In 2007, at a basketball game organized by Ryerson’s United Black Students group, participants had to go through metal detectors to enter Ryerson’s Recreation and Athletic Centre. They blamed this on the “demographic profile” of the attendees.

In 2008, a poster for a Palestinian Ryerson Students’ Union (RSU) election candidate was defaced. It read, “9/11 Terrorist.”

That same year, the East African Students group’s bulletin board was torched. Ryerson Security refused to hand over the surveillance footage, even though the crime was in direct view of the camera.

Unbeknownst to a majority of the university’s population, dozens upon dozens of hate crimes have occured and continue to occur at Ryerson.

Denise O’Neil Green has been hired to curb them.

Green is Ryerson’s new vice president/ vice provost equity, diversity and inclusion, a role that was created and filled just this year.

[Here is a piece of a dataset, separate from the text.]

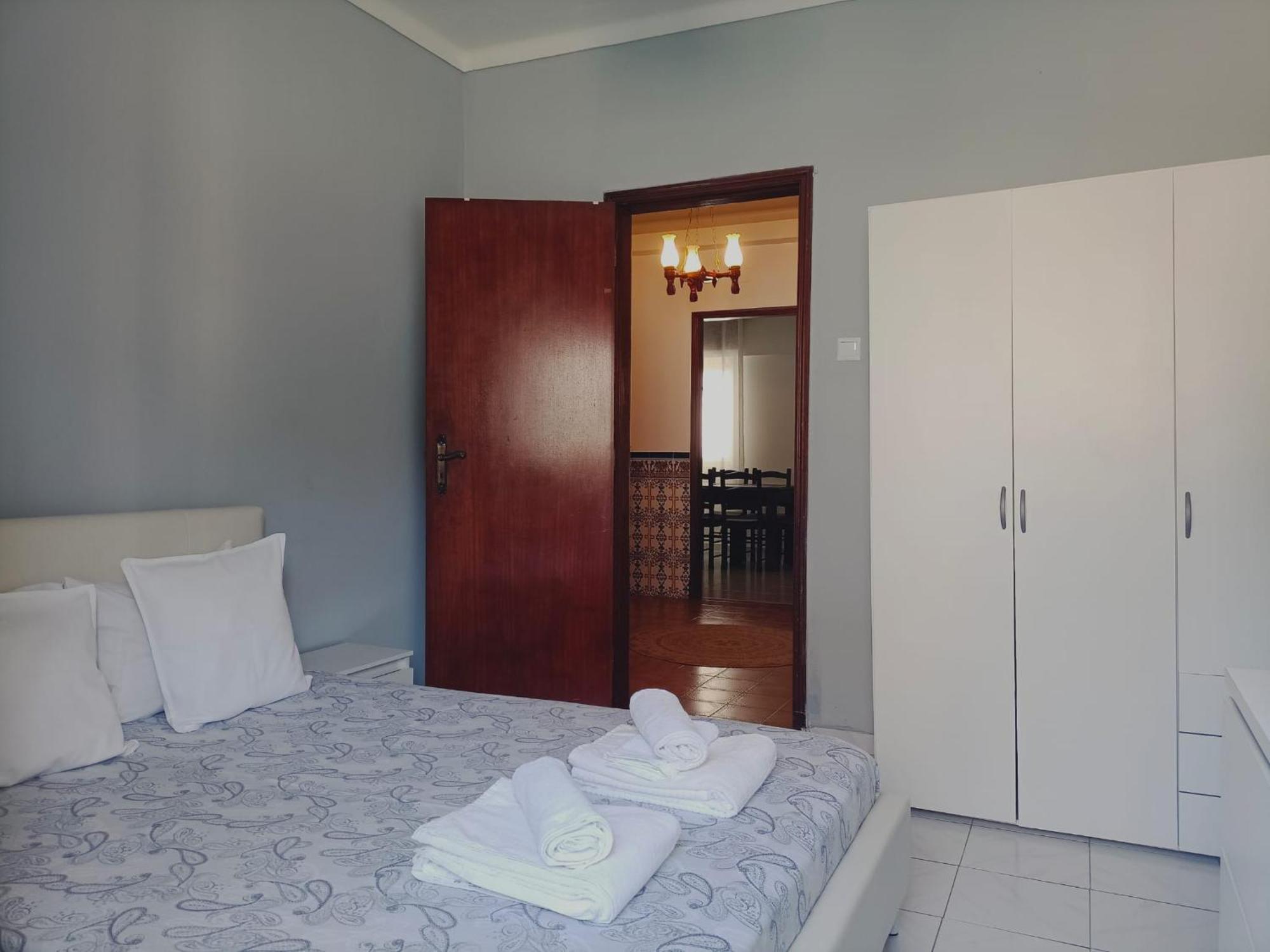Al Bela Vida Apartment Tavira Exterior photo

Before the creation of this position, there was no executive to take on issues of discrimination on campus. Two weeks into the job, Green is examining campus-wide policies, programs and practices that may be classified as discriminatory.

“No one office, no one person can truly prevent anything from happening,” said Green. “What you can do is help lay the groundwork so that the climate can be more in line with a tradition that everyone is included, everyone is valued and everyone’s humanity is valued.”

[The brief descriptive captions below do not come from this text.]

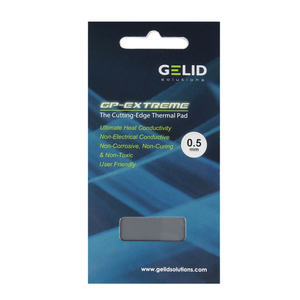 Almohadilla Térmica Gelid Solutions GP Ultimate de 0.5mm 1.0mm 1.5mm 2.0mm 3.0mm de Grosor, 90 x <span class=keywords><strong>50</strong></span>, 15w/m.k - Product Image 2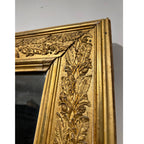 18th Century French Pair of Restoration Period Mirrors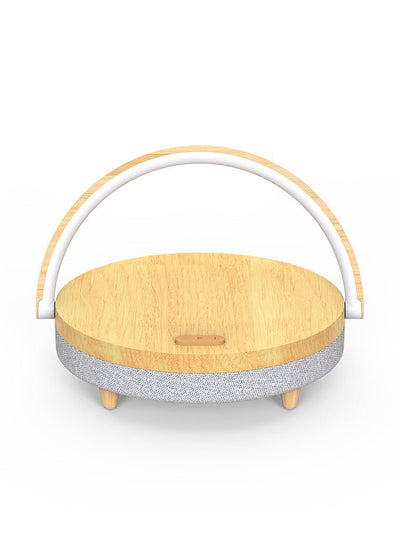 Wireless Charging Desk Lamp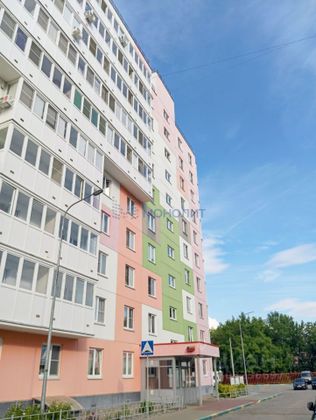 Продажа 1-комнатной квартиры 35,4 м², 5/11 этаж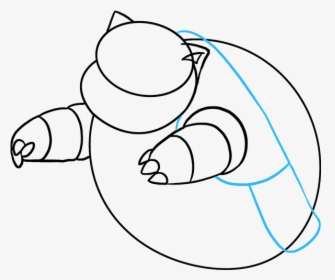How To Draw Blastoise - Blastoise Drawings, HD Png Download, Transparent PNG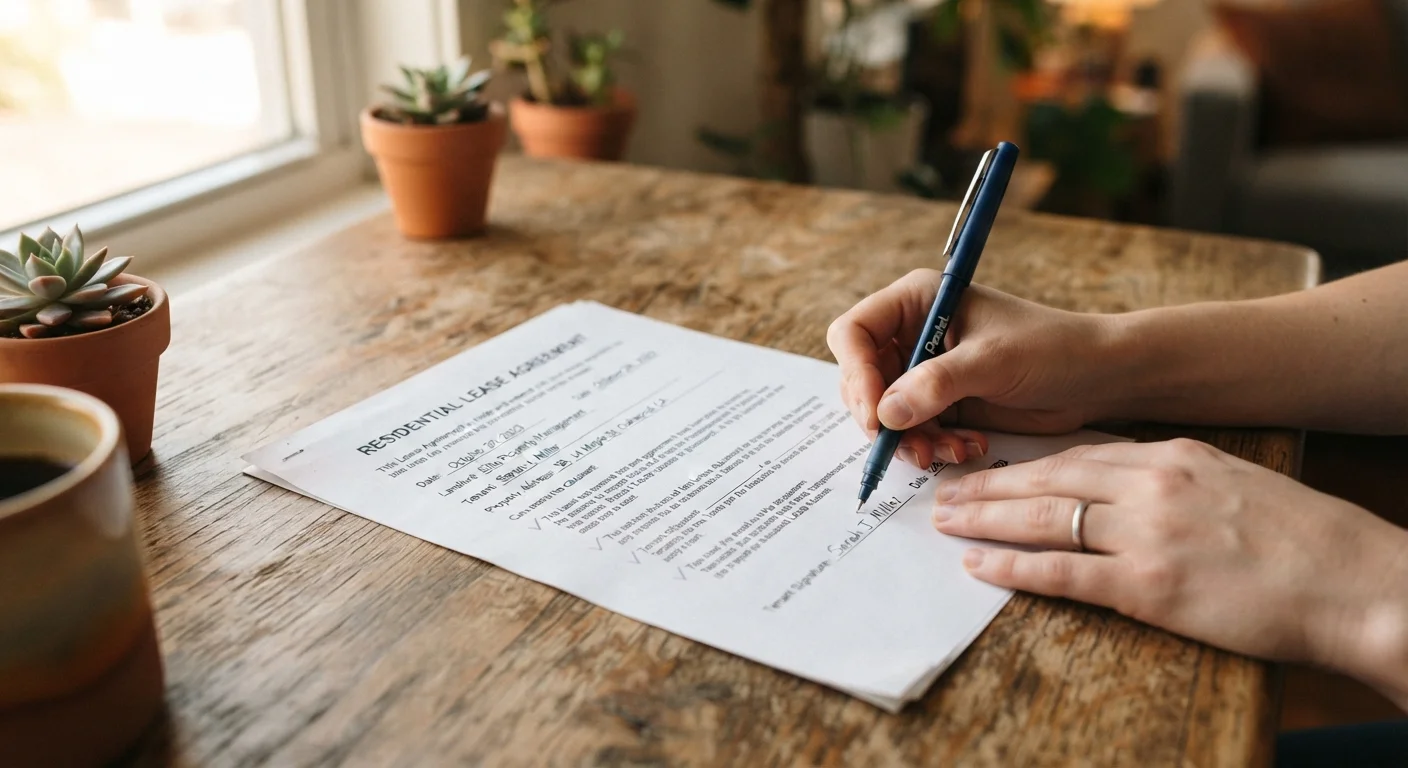 Lease Clauses That Often Catch Renters Off Guard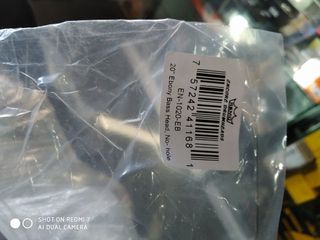 Parche Bombo 20" Encore Ambassa (En1020eb) Resonan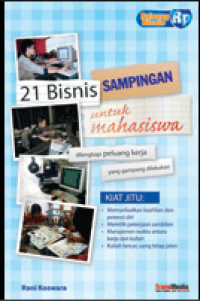 21 Bisnis Sampingan Untuk Mahasiswa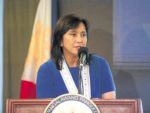 Palace: Robredo can again attend Cabinet meetings with new appointment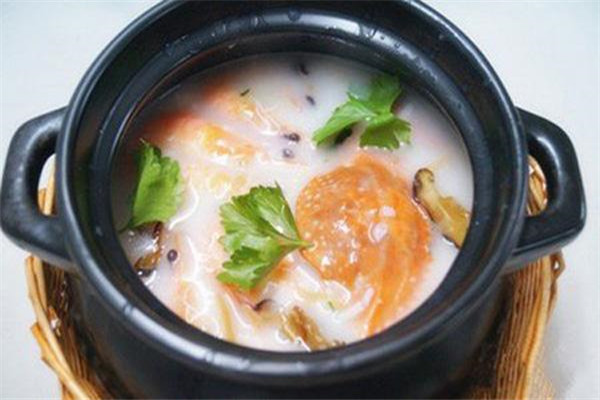 粥饼面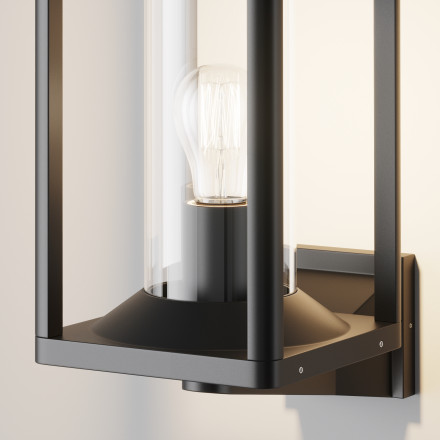 Уличный настенный светильник Maytoni Outdoor Cell O452WL-01GF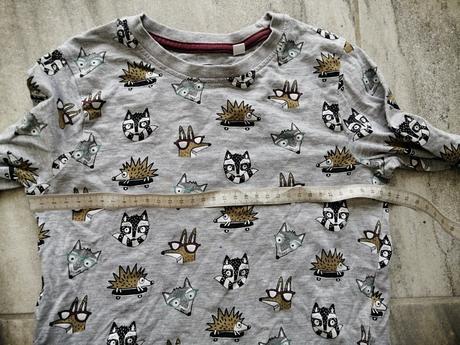 Tričko zvieratká canda, v128, c&a,128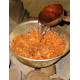 Trucioli di cedro rosso canadese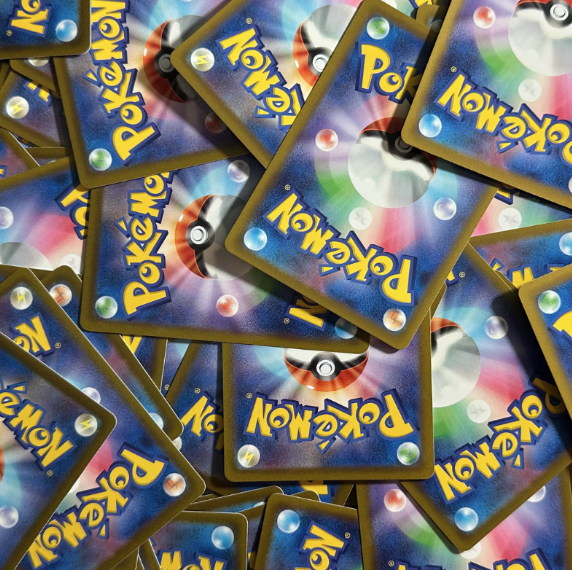 Pokemon x6000 Japanese Bulk Cards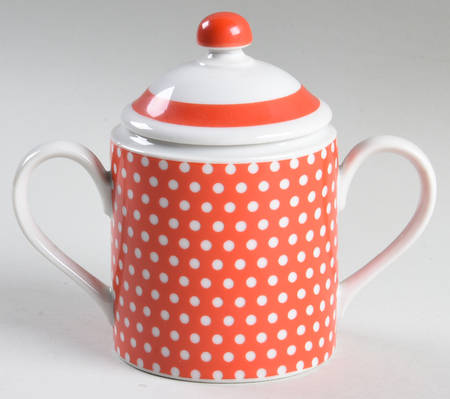 FIT151 Sugar Bowl & Lid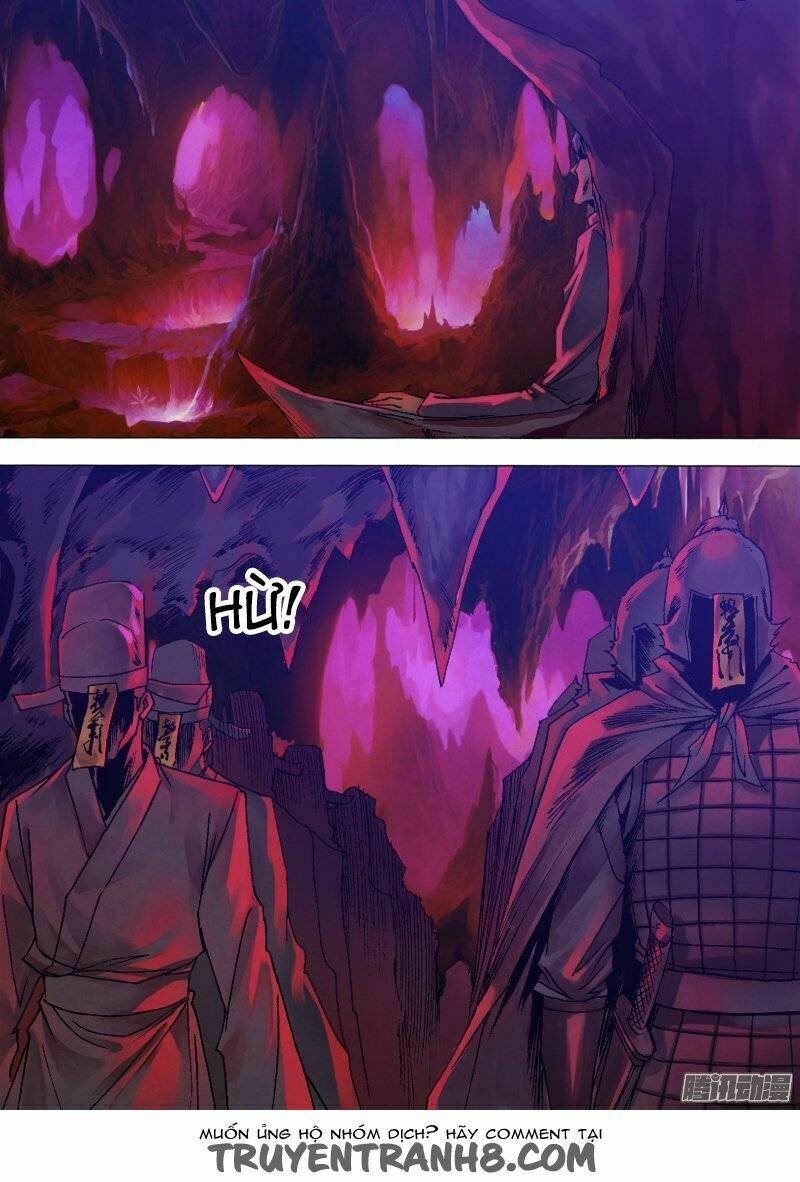 địa ngục thần y chapter 119 4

Green comes to Ryerson from Central Michigan University, where she worked as the school’s chief diversity officer. She has published research and opinion papers on diversity, and has taught both undergraduate and graduate students on the topic. She also has a PhD in higher education and public policy with an emphasis in diversity from the University of Michigan, Ann Arbor, and a master’s degree in public affairs in domestic education policy from Princeton University.

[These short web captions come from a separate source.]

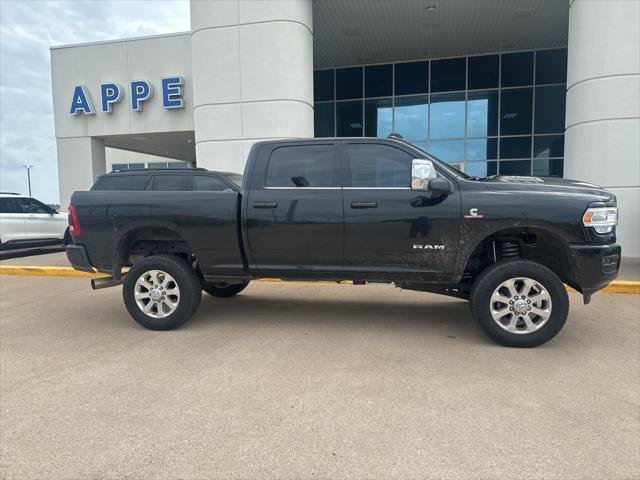 used 2024 Ram 2500 car, priced at $57,291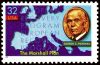 #3141 - 32¢ Marshall Plan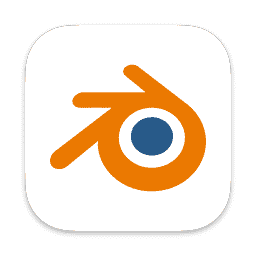 Blender macOS icon
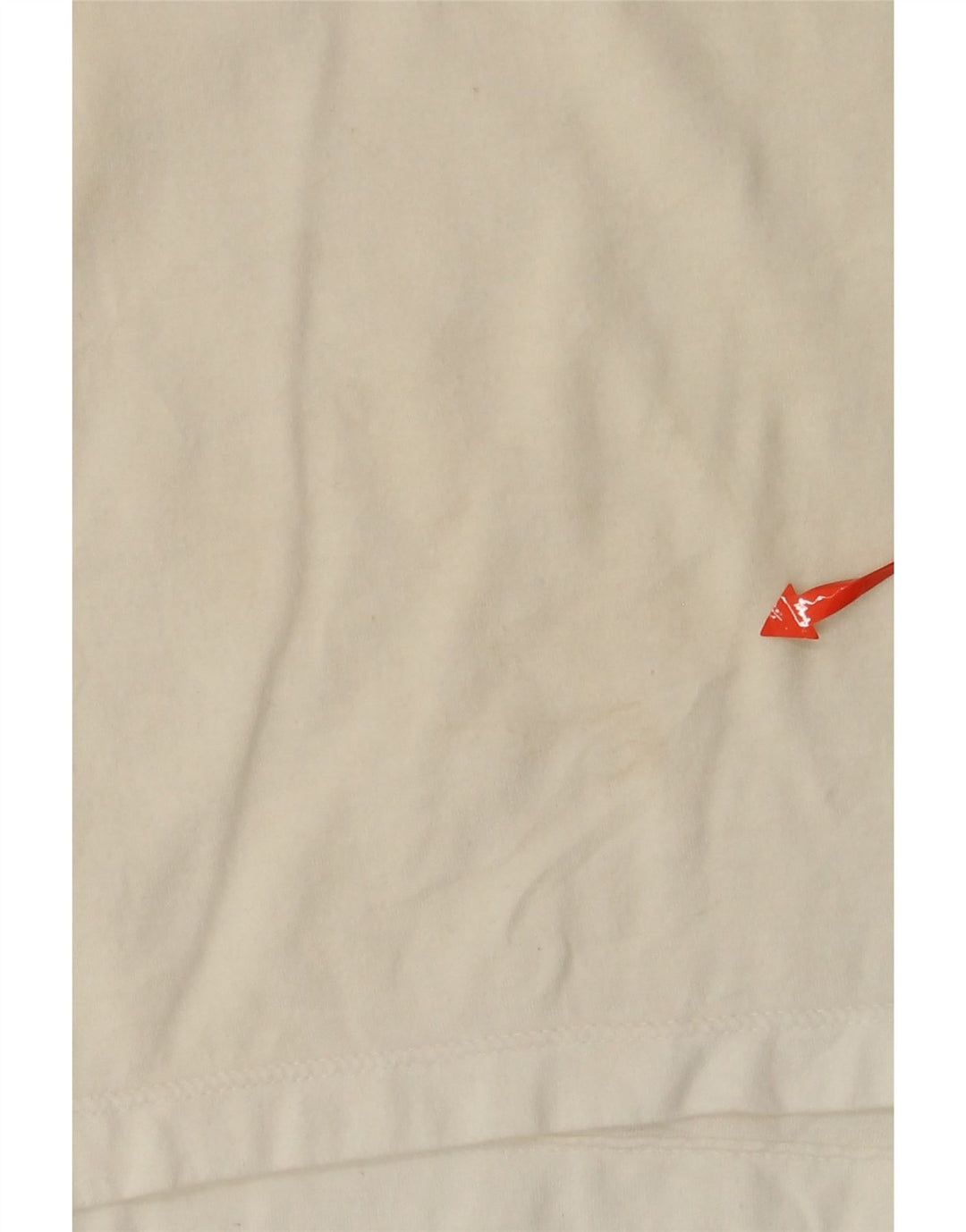 Tricou crop pentru femei CHAMPION Top UK 14 Medium White Colorblock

As she braves a new campus where students hail from more than 145 different countries, Green is ready to examine and reshape Ryerson’s policies.

It’s a need outlined by a 2010 report by the Taskforce on Anti- Racism at Ryerson, which identified cases of both systemic and individual cases of discrimination that have occured at the university. The report also denotes Ryerson as having a “chilly climate” when it comes to dealing with discrimination on campus. That is, many people deny it exists.

Since Ryerson is located in downtown Toronto and considers itself to be both culturally and politically correct, Ryerson Students’ Union (RSU) President Rodney Diverlus believes that racist tendencies are often ignored.

“We deny the fact that racism is very pervasive covertly in everything we do,” he said. “We deny the fact that certain programs, certain textbooks, certain curriculums, have racist undertones. We deny the fact that certain racialized students have to be subjected to racist slurs on campus.”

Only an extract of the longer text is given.